Problem to work on: What are the lines, word for word, from the line with "Cara menanam sorrel" up to and including the line with "cereale, afirmă Zelenski" in the records below? Omit the pictures.

____ Exercise material

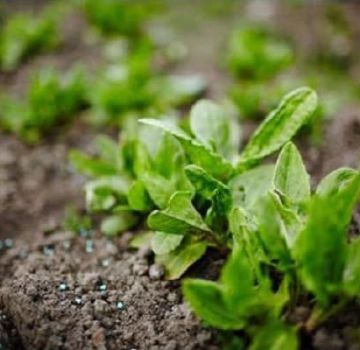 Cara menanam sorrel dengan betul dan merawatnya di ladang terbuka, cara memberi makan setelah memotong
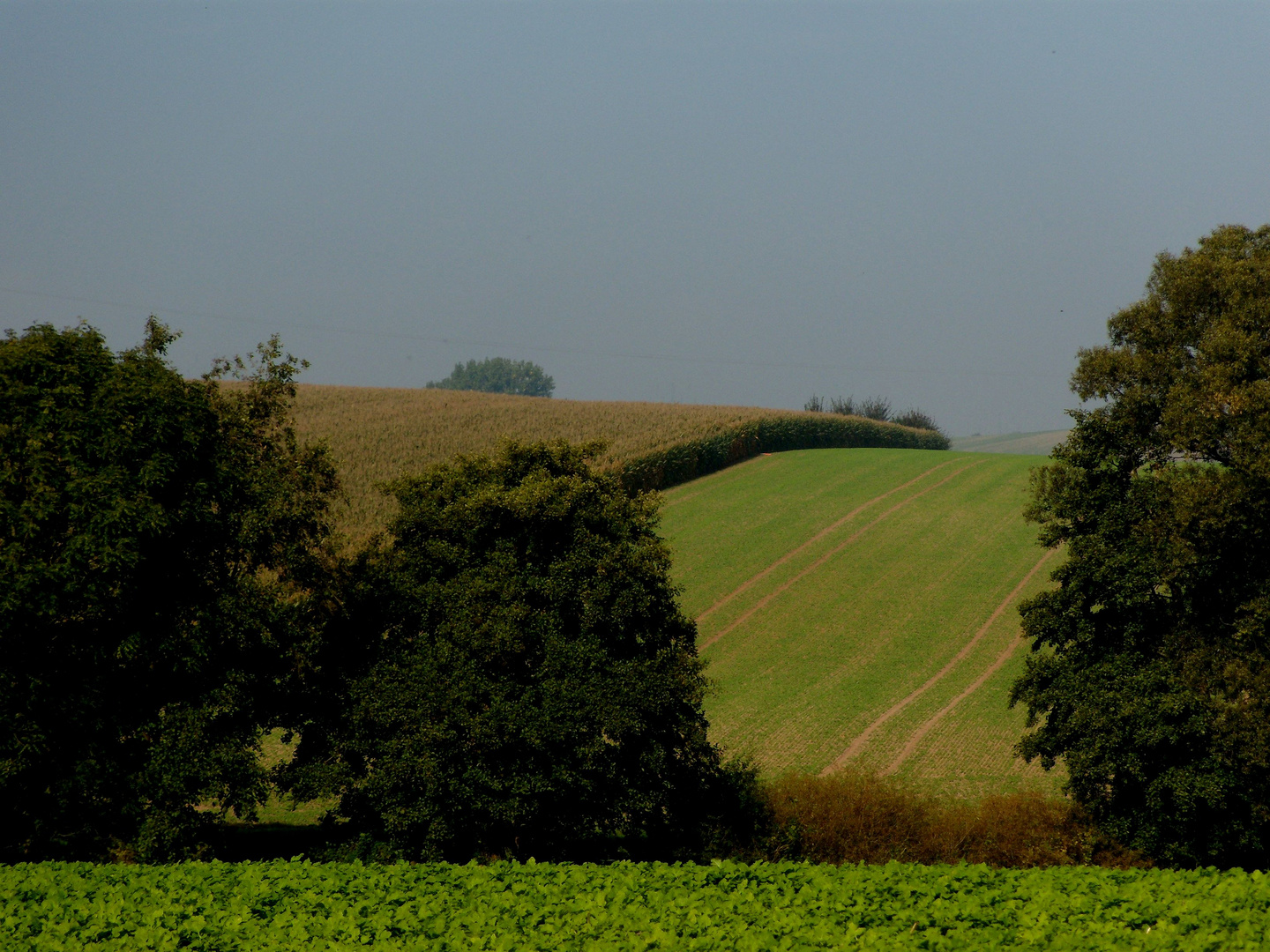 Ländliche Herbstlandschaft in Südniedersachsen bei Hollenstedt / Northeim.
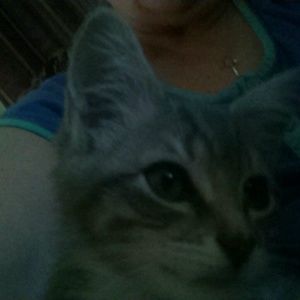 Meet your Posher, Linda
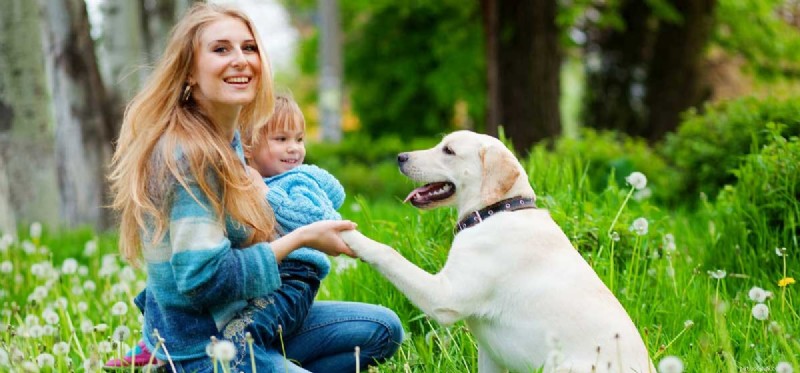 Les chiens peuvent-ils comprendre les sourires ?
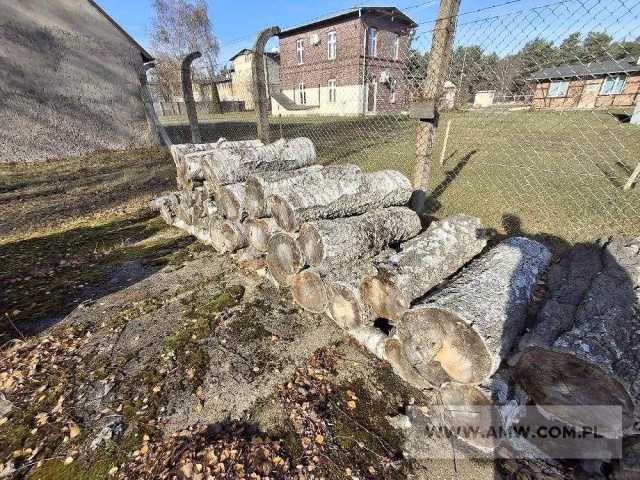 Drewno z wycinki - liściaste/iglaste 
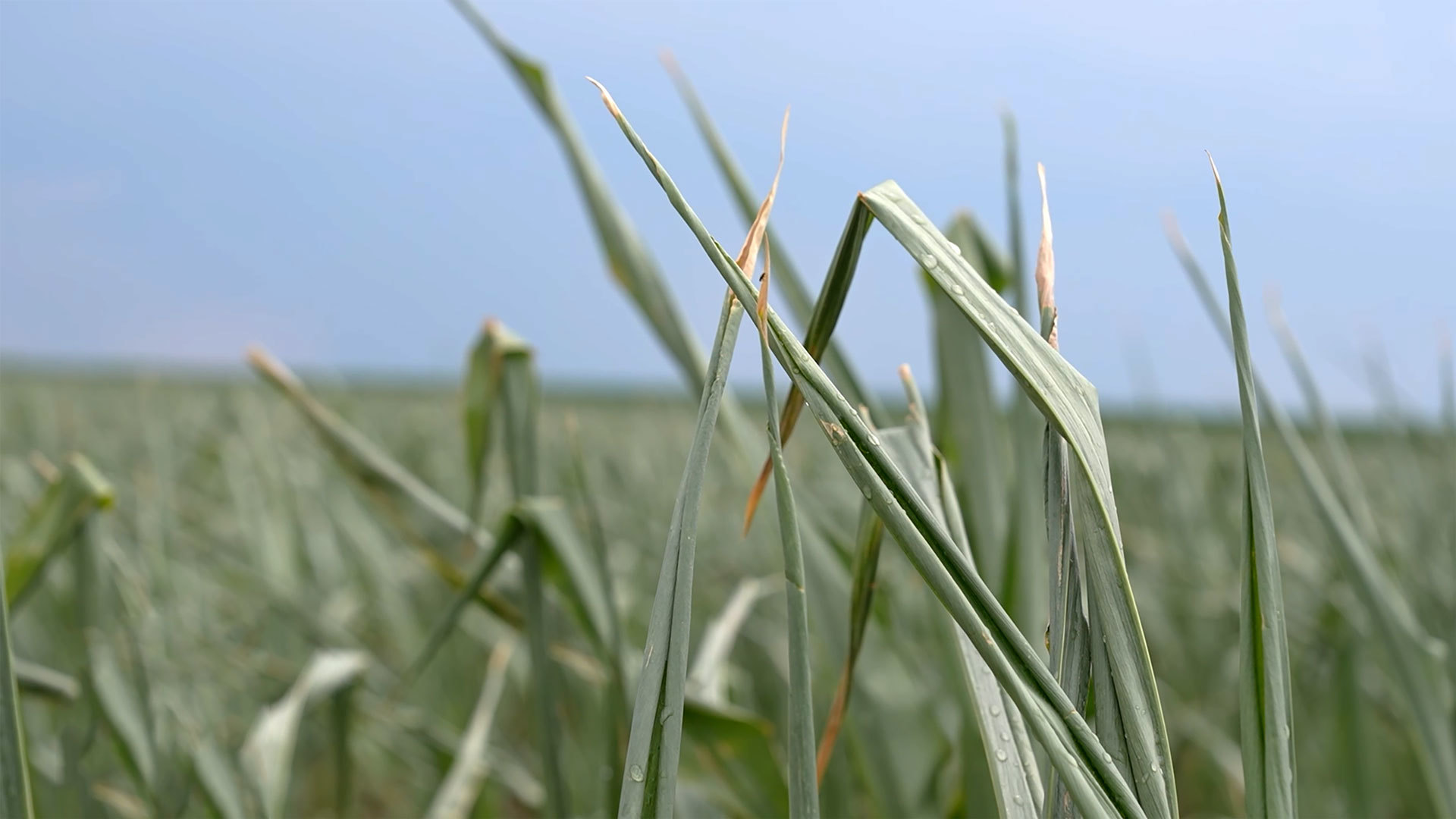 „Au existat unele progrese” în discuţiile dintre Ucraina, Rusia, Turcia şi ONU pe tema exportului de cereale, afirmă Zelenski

________
____ Exercise material

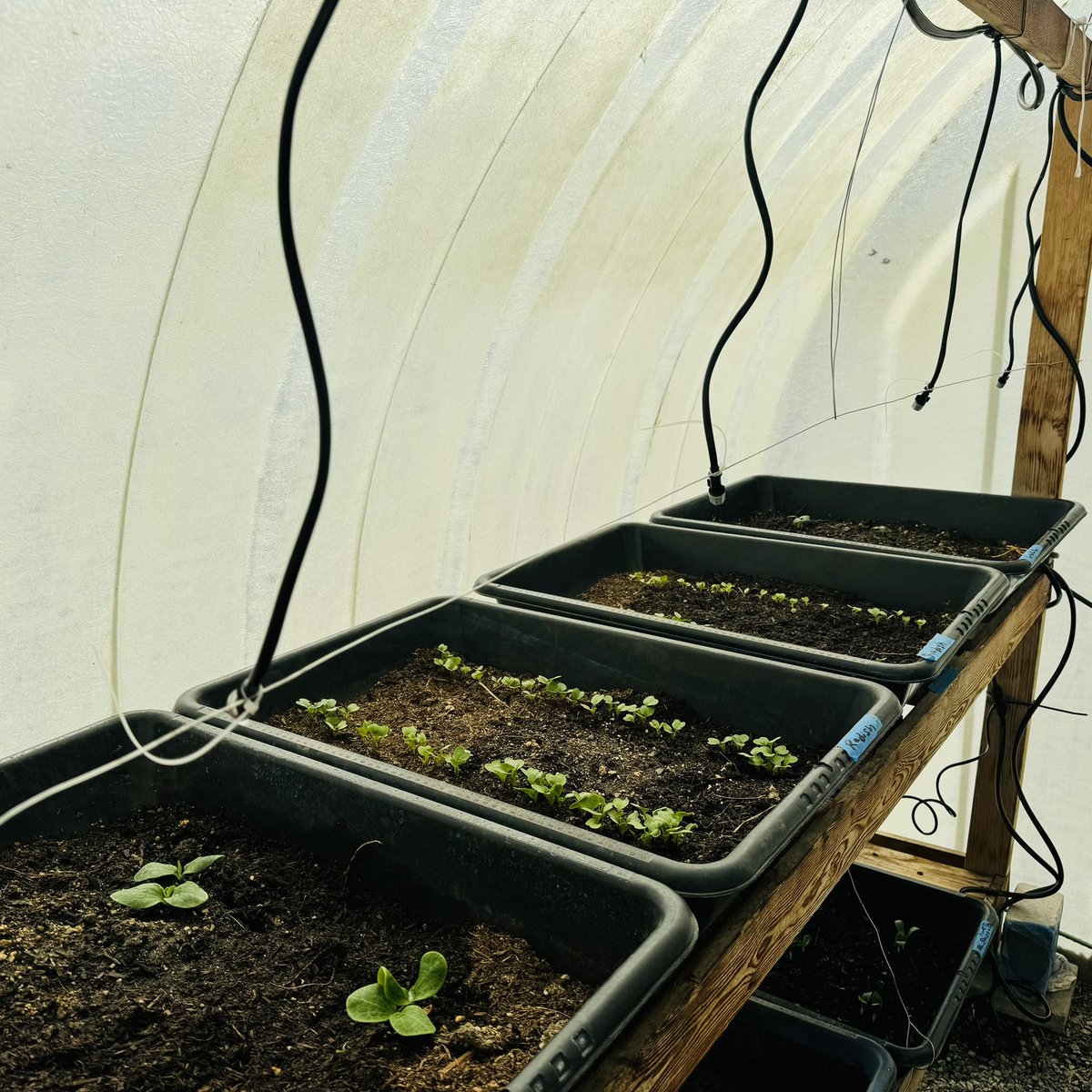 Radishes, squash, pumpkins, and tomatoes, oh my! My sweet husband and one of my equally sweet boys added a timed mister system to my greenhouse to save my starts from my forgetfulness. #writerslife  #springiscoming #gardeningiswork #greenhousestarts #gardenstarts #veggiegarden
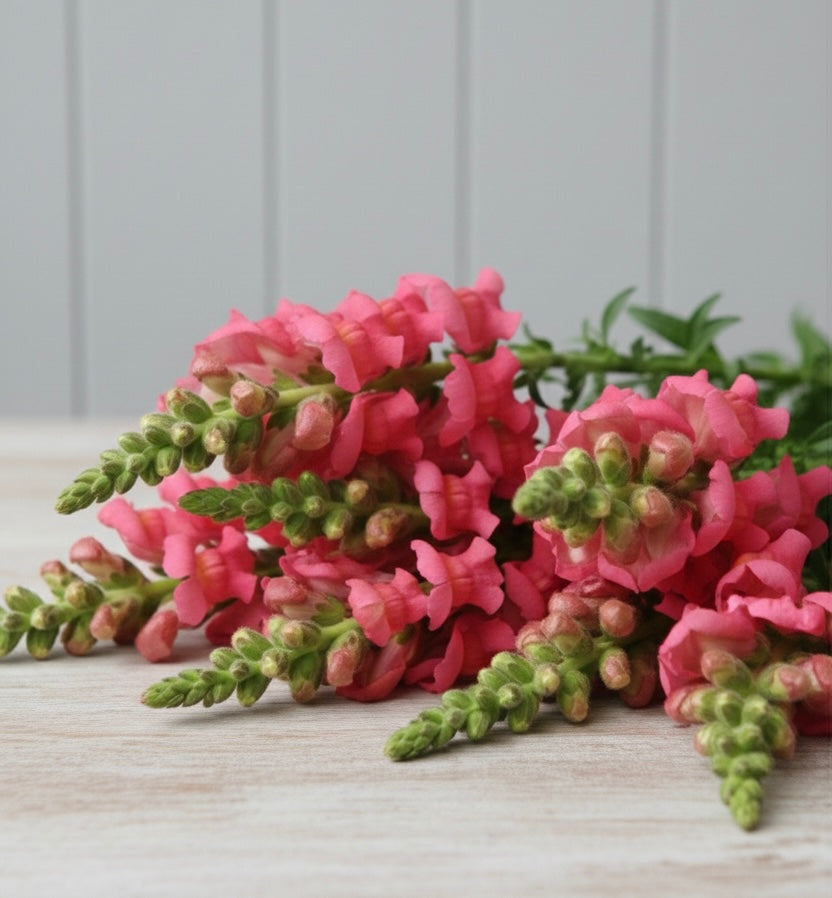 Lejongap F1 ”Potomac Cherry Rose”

________

Output for this exercise:
 Cara menanam sorrel dengan betul dan merawatnya di ladang terbuka, cara memberi makan setelah memotong
 Ländliche Herbstlandschaft in Südniedersachsen bei Hollenstedt / Northeim.
 Meet your Posher, Linda
 Les chiens peuvent-ils comprendre les sourires ?
 Drewno z wycinki - liściaste/iglaste 
 „Au existat unele progrese” în discuţiile dintre Ucraina, Rusia, Turcia şi ONU pe tema exportului de cereale, afirmă Zelenski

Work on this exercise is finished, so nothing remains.